Pero, ¿qué cambios introduce la revalida?

- Una primera reválida al final de la ESO (7 exámenes: 4 de asignaturas troncales, 2 opcionales y 1 específica) con contenidos del segundo ciclo de ESO que, de no ser superada, impedirá el acceso al Bachillerato y negará al estudiante el propio título de la ESO, aunque tenga aprobadas todas las asignaturas de la ESO.

Esta prueba cuenta con dos convocatorias, y de no ser superadas el estudiante no podría reintentar la prueba hasta haber cursado otra vez toda la ESO, desde 1º hasta 4º en una escuela para adultos. Como vemos, una puerta cerrada para la juventud obrera.

- Una segunda reválida al finalizar el Bachillerato (8 exámenes 5 de asignaturas troncales, 2 opcionales y 1 específica) que tiene los mismos efectos que la anterior, negando el título de Bachillerato y el acceso a la universidad. Contando también con dos convocatorias que tampoco pueden reintentarse sin volver a cursar los dos años de Bachillerato.

- Además se deja abierto uno de los aspectos más controvertidos de la LOMCE, la posibilidad de una tercera prueba de acceso distinta en cada universidad en la que queramos estudiar.

Esto supone una segregación clasista directa, ya que pese a las decenas de miles de expulsiones por no poder pagar las altísimas tasas de la universidad “pública” y pese, también, al cierre de grados, másteres y facultades, es mucho mayor el número de estudiantes que quieren entrar en la pública, lo que implicaría una traba académica mayor que en la privada.

Todo esto, ha hecho que el Gobierno en funciones, no sólo haya aprobado las revalidas fuera del curso lectivo con las aulas vacías, sino también en un contexto de reflujo de la protesta social y del movimiento estudiantil, tal y como se han venido aplicando otros grandes ataques hacia la educación a los que estas revalidas preceden.
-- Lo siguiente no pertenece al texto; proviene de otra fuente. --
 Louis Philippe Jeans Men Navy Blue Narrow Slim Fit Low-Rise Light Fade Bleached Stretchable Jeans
Estas revalidas son una parte fundamental de la LOMCE recientemente aprobada pese a haberse intentado imponer en 2013, cuando fue frenada por la movilización de la juventud y la comunidad educativa en huelgas y manifestaciones, con importantes luchas como las huelgas de Baleares y la Primavera Valenciana.
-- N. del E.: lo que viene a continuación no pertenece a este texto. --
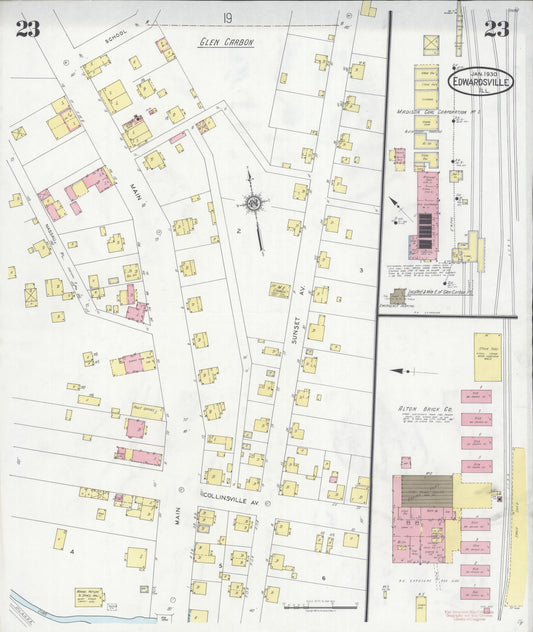 Sanborn Fire Insurance Map from Edwardsville, Madison County, Illinois (1930), Sheet #0023 - Historic Sanborn Fire Insurance Map Print, vintage old map wall art, antique decor, genealogy gift, Illinois Illinois map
Es por eso que se revela necesario retomar la movilización y la organización de la juventud con la entrada de este nuevo curso frente al bucle de negociaciones en el que las propuestas electorales se sacrifican en aras de la aritmética parlamentaria, incluyendo demandas básicas por el derecho a una educación verdaderamente pública.

De esta forma, ninguno de los grandes partidos defiende la creación de una única red educativa pública, gratuita y laica. Ni mucho menos defienden la idea de expropiar a la privada y la concertada, un enorme negocio con cientos de centros educativos, muchos en manos de la Iglesia Católica, así como de poner los propios centros educativos bajo el control de sus trabajadores y estudiantes.
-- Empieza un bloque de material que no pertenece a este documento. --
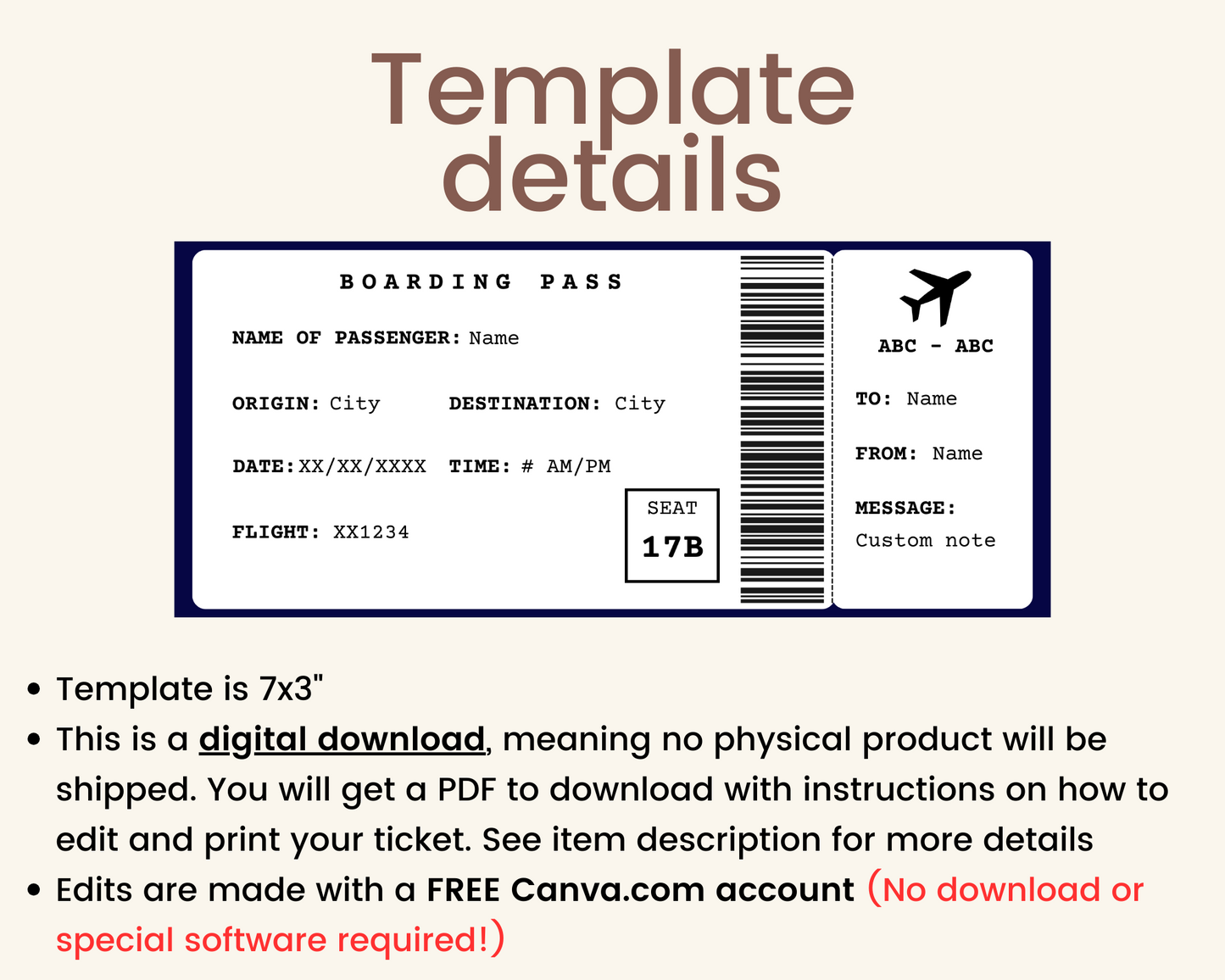 Printable Boarding Pass Template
Frente a los ataques de este gobierno al servicio de los capitalistas, es preciso pelear por construir un movimiento estudiantil independiente del estado y sus instituciones, que, haciendo uso de nuestras mayores armas, luche codo con codo con la clase obrera y los sectores oprimidos, como ha hecho durante todo el curso pasado la juventud en Francia, cuestionando las reglas del juego de este sistema que nos trata como carne de cañón para la maquinaria del capital.